DATELINE: Gay as a Misnomer
Charming, affable, and entertaining Mawaan is a British citizen of Pakistani descent who decides to go back to his native land to see what it would be like to live there as a gay man. The documentary is chilling.
Twenty years ago, a Pakistani student told us that there was no gay life in Pakistan. If the religious fanatics learned of your sexuality, they would come in the night to murder you. End of story. No one would care.
Now years later, Mawaan’s visit basically discovers not much has changed. The British performer bravely takes in two of the biggest cities on his research: Lahore and Karachi where gay people live in abject terror that they could be discovered and stoned to death, blown up, or simply brutalized.
Mawaan spent two weeks there—and probably learned more than he cared to know. In the rural areas where he did not go, the worst extremists may reside and terrorize anyone with sexual behavior that diverts from traditional culture.
When Mawaan visits an imam, who is learned and civilized, he visibly flinches at the revelation that the young visitor is gay. His best advice is to leave the country, not an option for most gay Pakistanis.
Indeed, gay life exists, as it has for centuries, in secret. The designation MSM (Men Sleeping with Men) actually accounts for many because poor men cannot afford prostitutes and Muslim women are above sexuality.
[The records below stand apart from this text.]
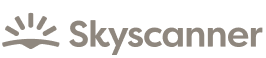 Skyscanner.com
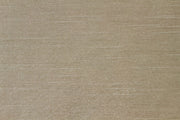 florentina-taupe-love-seat-5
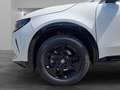 Alfa Romeo Junior Ibrida Sprint 1.2 MHEV e-DCT6 40er Sondermodell Weiß - thumbnail 12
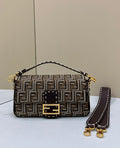 MC-FENDI-1206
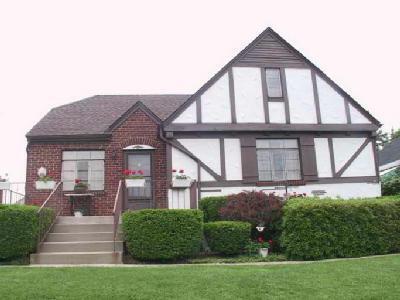 3526 Werk Road Cincinnati, OH 45248 - Photo 1 of 1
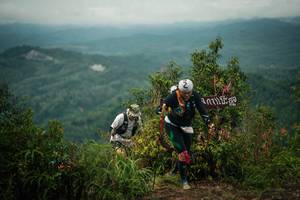 BIB: 
                            <button type="button" onclick="openModal(26308072)" class="btn btn-primary btn-sm float-right btn-popup" data-toggle="modal" data-target=".modal-high-quality">
                        <i class="fas fa-shopping-cart"></i> Add to Cart
                    </button>
                                            <button type="button" onclick="isThisMe(26308072, true)" class="btn btn-success btn-sm float-right btn-popup btn-isme hidden" data-toggle="tooltip" data-placement="bottom" title="นี่คือรูปของคุณใช่ไหม คลิกที่นี่เพื่อเอาเข้าอัลบั้ม">
                        <i class="fas fa-plus"></i> Add to album
                    </button>
                    <button type="button" onclick="isThisMe(26308072, false)" class="btn btn-warning btn-sm float-right btn-popup btn-isnotme hidden">
                        <i class="fas fa-ban"></i> Remove from album
                    </button>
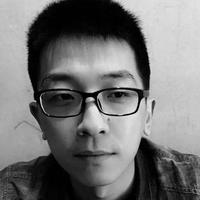 聪明的海浪Jo7头像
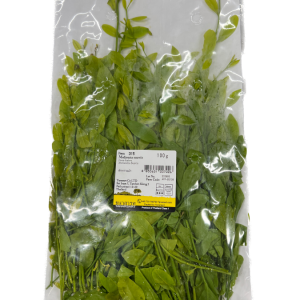 Pak Wan Pa/Rau ngot 100g Item 315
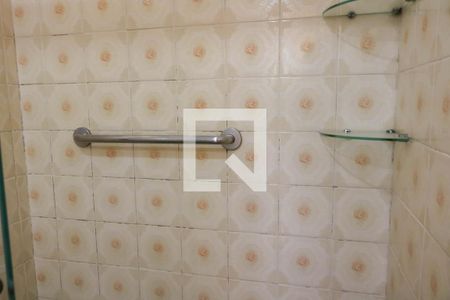 Apartamento para alugar com 68m², 3 quartos e 1 vagaBanheiro 1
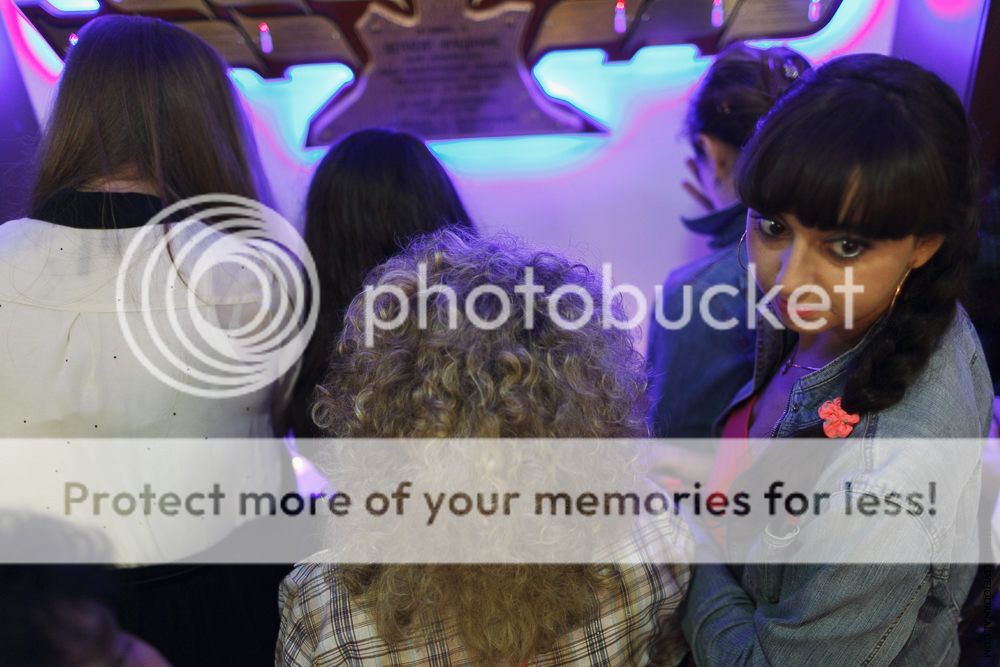 Новый 5774 год в нижегородской синагоге photo IMG_5354.jpg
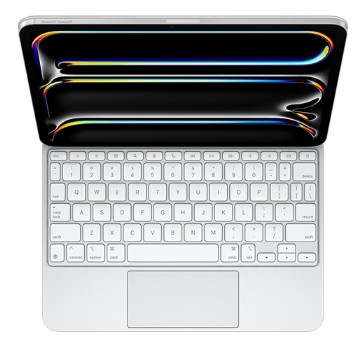 2878e6504422a1ddddc6fcfd7534edcb_1746178480_7178.jpg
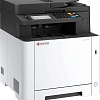 МФУ Kyocera Mita ECOSYS MA2600cwfx 110C0D3NL0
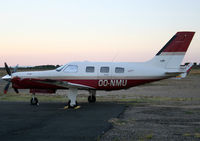 OO-NMU photo, click to enlarge OO-NMU photo, click to enlarge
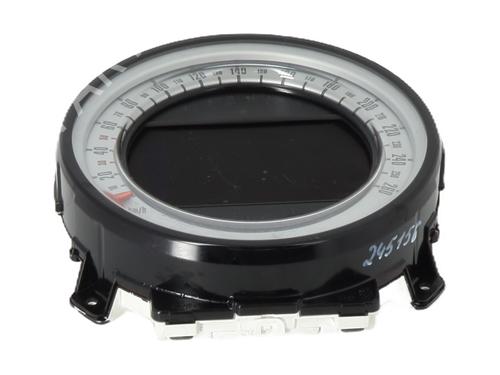 Used Instrument cluster MINI MINI (R56) Cooper (122 hp) 24431705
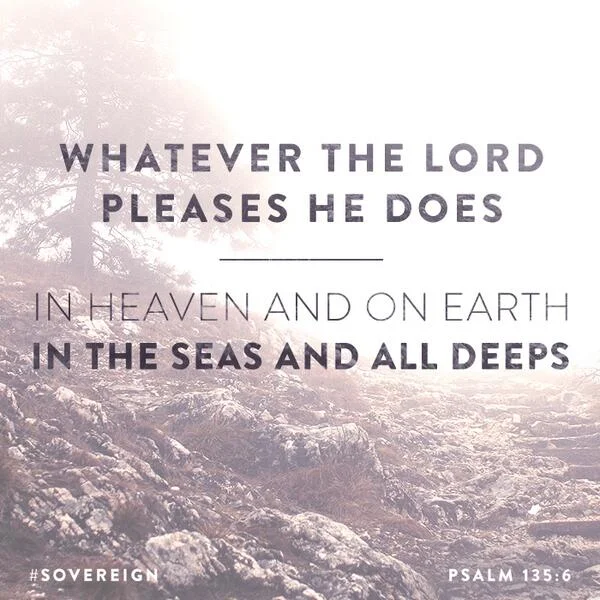 Psalm135-6.jpg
They end up sleeping with each other.
It is not a pretty picture with secret chambers in the darkest ghettos where such life takes place.
Gay parties are held in secret—and HIV health centers exist in fear that someone could throw a bomb at them at any time. We remained in awe at the courage of Mawaan to visit places in the most dangerous cities in the world.
This little documentary provides extraordinary insight into repression and cruelty that still spawns hope in so many desperate people. Mawan is to be commended for uncovering the truth and showing the world the harsh life of gay people in Pakistan.